The luxury-loving wife of Malaysia’s former prime minister faced fresh questioning yesterday by anti-corruption investigators probing a multi-billion-dollar scandal that contributed to the old regime losing power.
Rosmah Mansor, widely reviled in Malaysia for her expensive tastes and imperious manner, arrived at the offices of the Malaysian Anti-Corruption Commission (MACC) to be grilled.
Local media reported this week that anti-corruption officials were wrapping up their probe into Rosmah, and she could be charged soon. It was the second time she has been quizzed by the graft-fighting body since her husband Najib Razak’s coalition was unexpectedly booted out of office at elections in May after six decades in power.

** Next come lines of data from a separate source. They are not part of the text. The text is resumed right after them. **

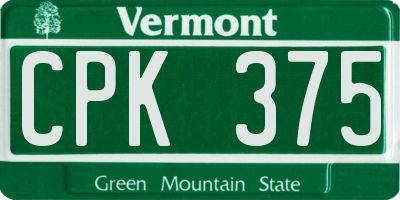 VT license plate CPK375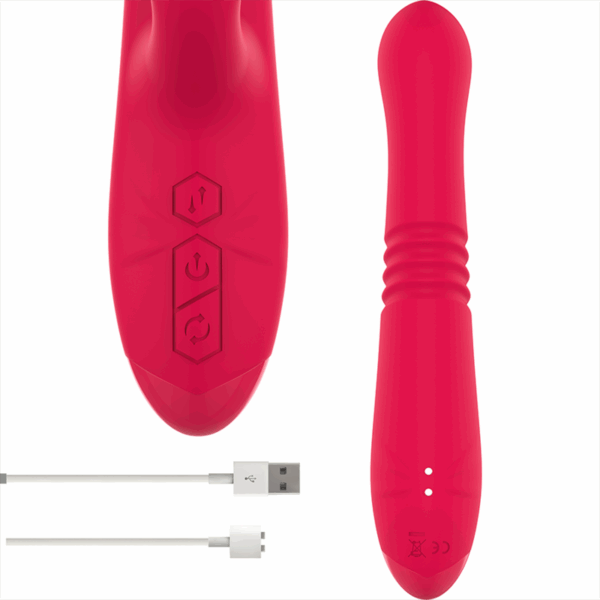 INTENSE - DUA VIBRADOR MULTIFUNCIÓN RECARGABLE UP  DOWN CON LENGUA ROJO - Imagen 4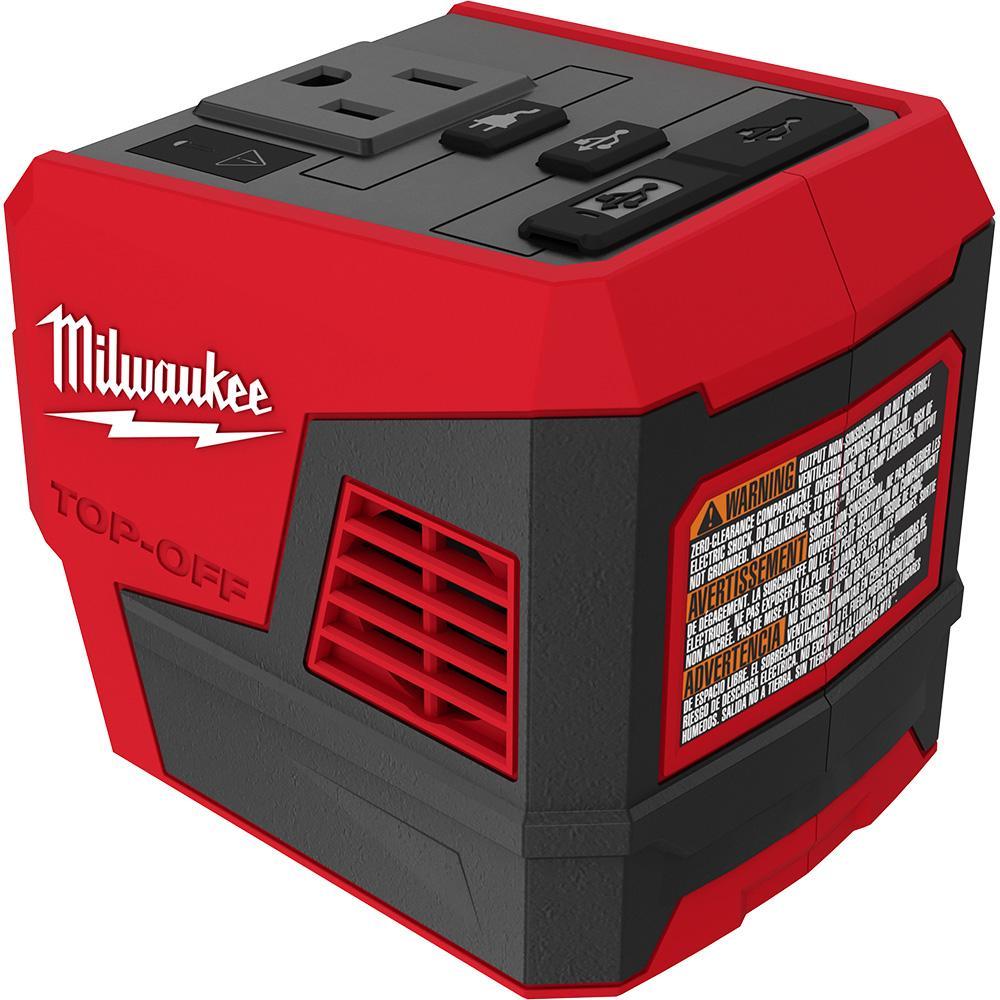 Milwaukee 2846-20 M18 TOP-OFF Portable Power Supply Inverter With (1) 120 VAC Outlet, (1) USB-C PD Port and (1) USB-A Port, For Use With M18 Batteries, 175 W, 18 V - Cordless Tool Accessories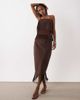 ASOS DESIGN ASOS DESIGN linen look fringe pencil skirt in chocolate-Brown - 1
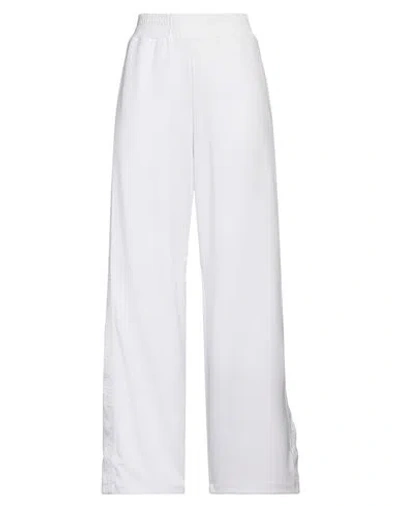 Hinnominate Woman Pants White Size L Polyester, Modal, Elastane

A major factor in the loss were allegations that Najib, his family and his cronies looted billion of dollars from state fund 1MDB in an audacious fraud that stretched from Singapore to Switzerland.
Rosmah’s love of costly overseas shopping trips, designer handbags and jewellery made her a lightning rod for public anger, and fuelled suspicions that she benefitted from the plundering of 1MDB.
After the election loss, a stash of cash, jewellery and hundreds of designer handbags worth as much as $273m was seized from properties linked to Najib in raids around Kuala Lumpur.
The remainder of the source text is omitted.